Task to carry out
Reproduce exactly the lines of this material that begin at the line with "The 2015 Malibu." and end at the line with "I want to start", both included. Omit the pictures and everything else.

Extracted entries
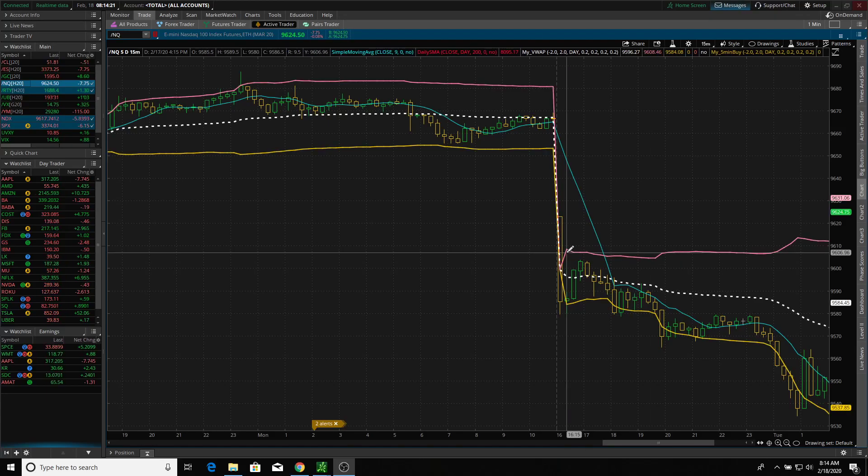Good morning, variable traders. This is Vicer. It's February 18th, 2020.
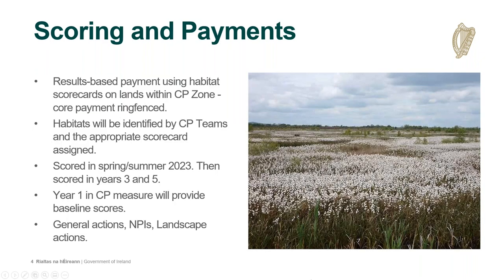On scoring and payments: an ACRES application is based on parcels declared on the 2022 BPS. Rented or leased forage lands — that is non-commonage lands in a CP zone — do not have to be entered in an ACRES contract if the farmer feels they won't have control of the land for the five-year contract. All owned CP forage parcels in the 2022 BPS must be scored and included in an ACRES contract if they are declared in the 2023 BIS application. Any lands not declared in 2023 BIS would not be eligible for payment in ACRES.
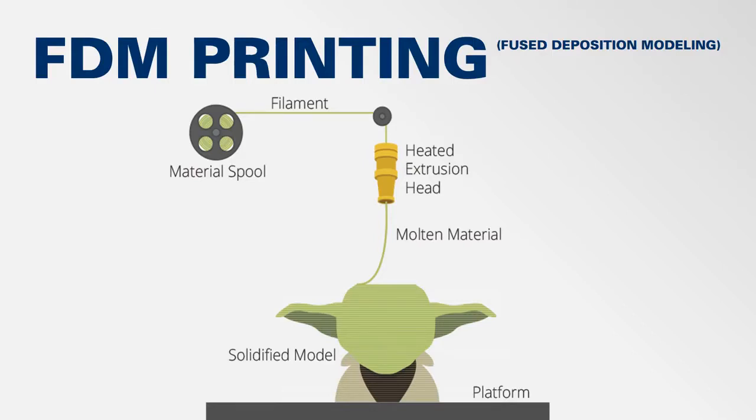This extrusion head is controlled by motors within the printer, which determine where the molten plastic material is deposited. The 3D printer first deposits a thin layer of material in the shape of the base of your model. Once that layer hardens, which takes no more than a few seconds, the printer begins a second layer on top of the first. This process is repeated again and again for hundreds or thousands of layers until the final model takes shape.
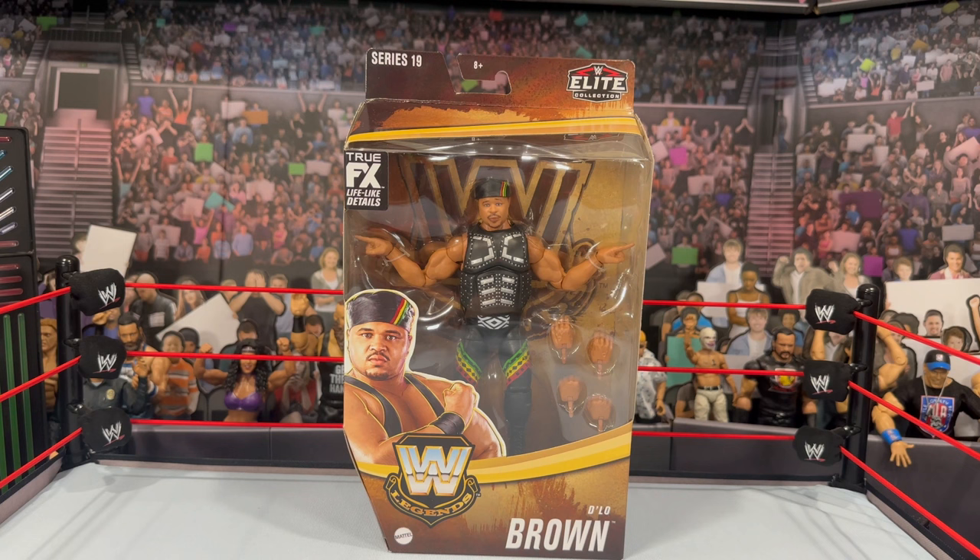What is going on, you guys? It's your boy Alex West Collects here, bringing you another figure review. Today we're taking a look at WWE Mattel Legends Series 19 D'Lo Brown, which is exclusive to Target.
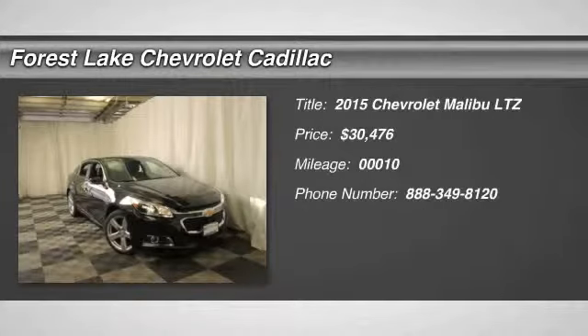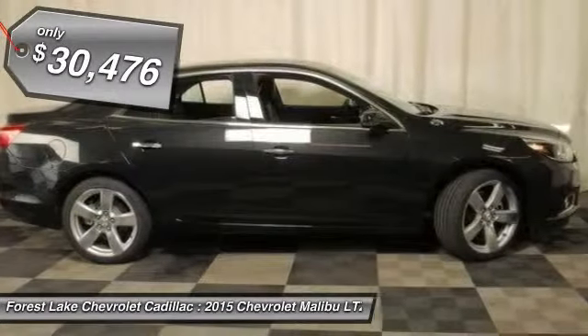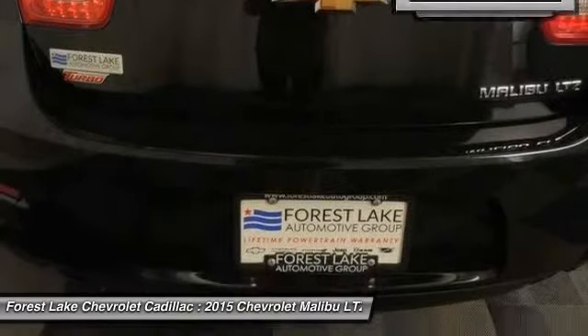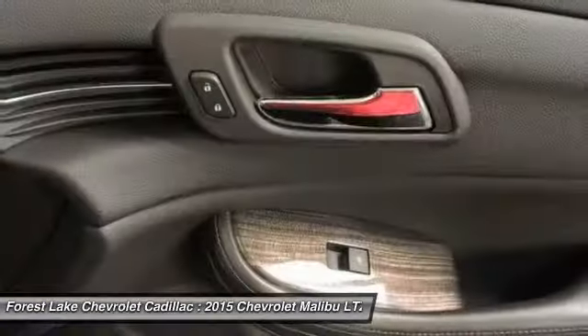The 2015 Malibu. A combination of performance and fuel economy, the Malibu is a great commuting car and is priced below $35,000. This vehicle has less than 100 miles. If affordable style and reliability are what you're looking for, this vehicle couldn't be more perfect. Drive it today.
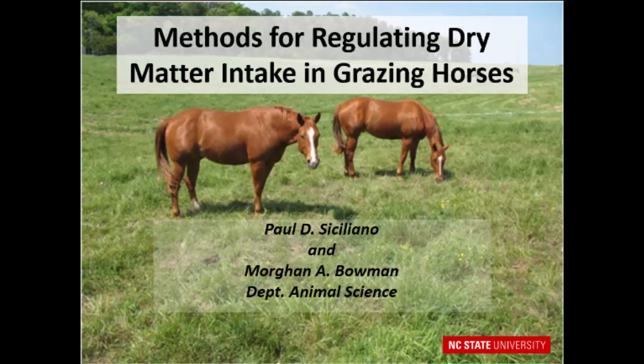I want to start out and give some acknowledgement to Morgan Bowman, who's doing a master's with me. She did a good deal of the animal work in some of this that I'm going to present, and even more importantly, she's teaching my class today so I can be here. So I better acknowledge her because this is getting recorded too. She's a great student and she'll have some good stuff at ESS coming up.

...

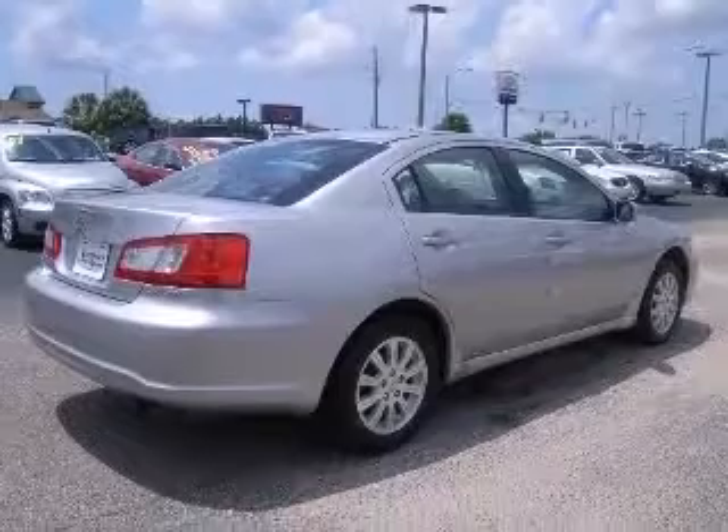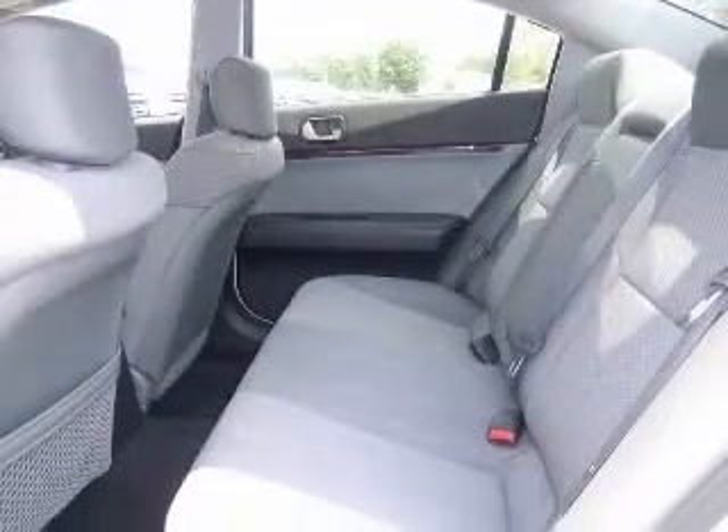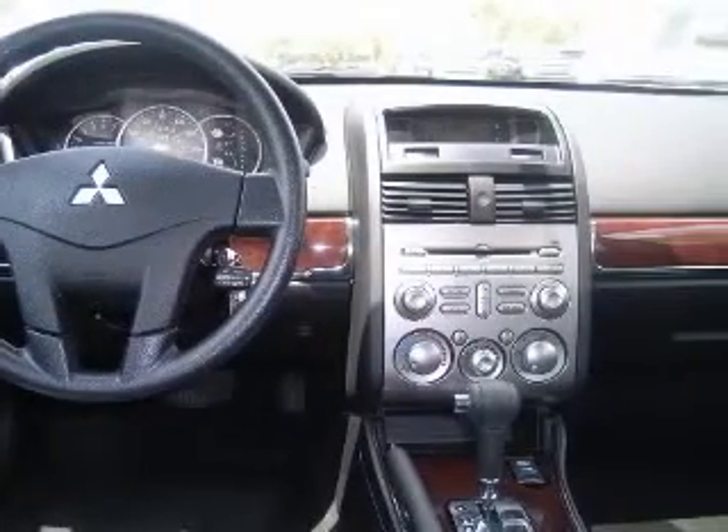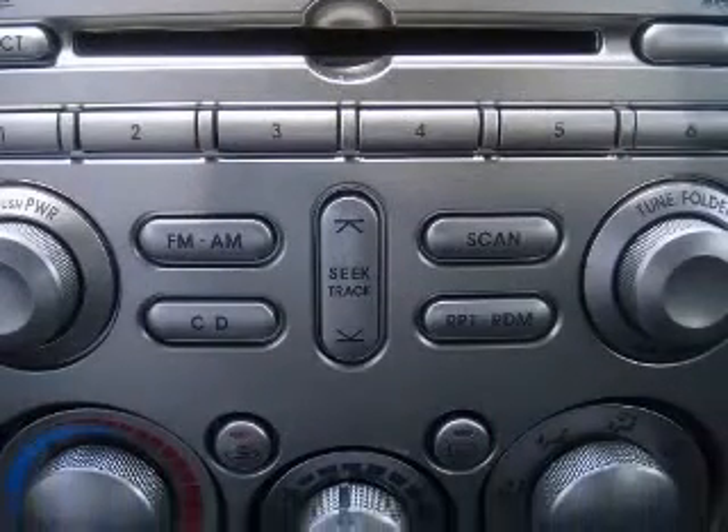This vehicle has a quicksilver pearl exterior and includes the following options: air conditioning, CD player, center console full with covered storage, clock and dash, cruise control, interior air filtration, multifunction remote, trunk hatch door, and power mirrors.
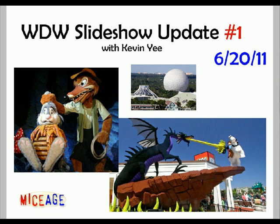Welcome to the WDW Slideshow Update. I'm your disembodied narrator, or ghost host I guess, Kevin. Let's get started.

--

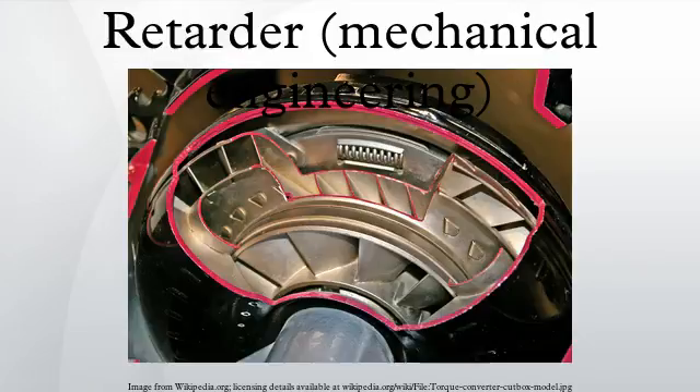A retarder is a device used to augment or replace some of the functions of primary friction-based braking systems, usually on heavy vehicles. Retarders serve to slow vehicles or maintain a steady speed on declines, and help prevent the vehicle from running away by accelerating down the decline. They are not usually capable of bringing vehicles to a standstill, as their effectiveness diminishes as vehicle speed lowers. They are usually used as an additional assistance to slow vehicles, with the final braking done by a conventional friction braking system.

Output of the task
The 2015 Malibu. A combination of performance and fuel economy, the Malibu is a great commuting car and is priced below $35,000. This vehicle has less than 100 miles. If affordable style and reliability are what you're looking for, this vehicle couldn't be more perfect. Drive it today.
I want to start out and give some acknowledgement to Morgan Bowman, who's doing a master's with me. She did a good deal of the animal work in some of this that I'm going to present, and even more importantly, she's teaching my class today so I can be here. So I better acknowledge her because this is getting recorded too. She's a great student and she'll have some good stuff at ESS coming up.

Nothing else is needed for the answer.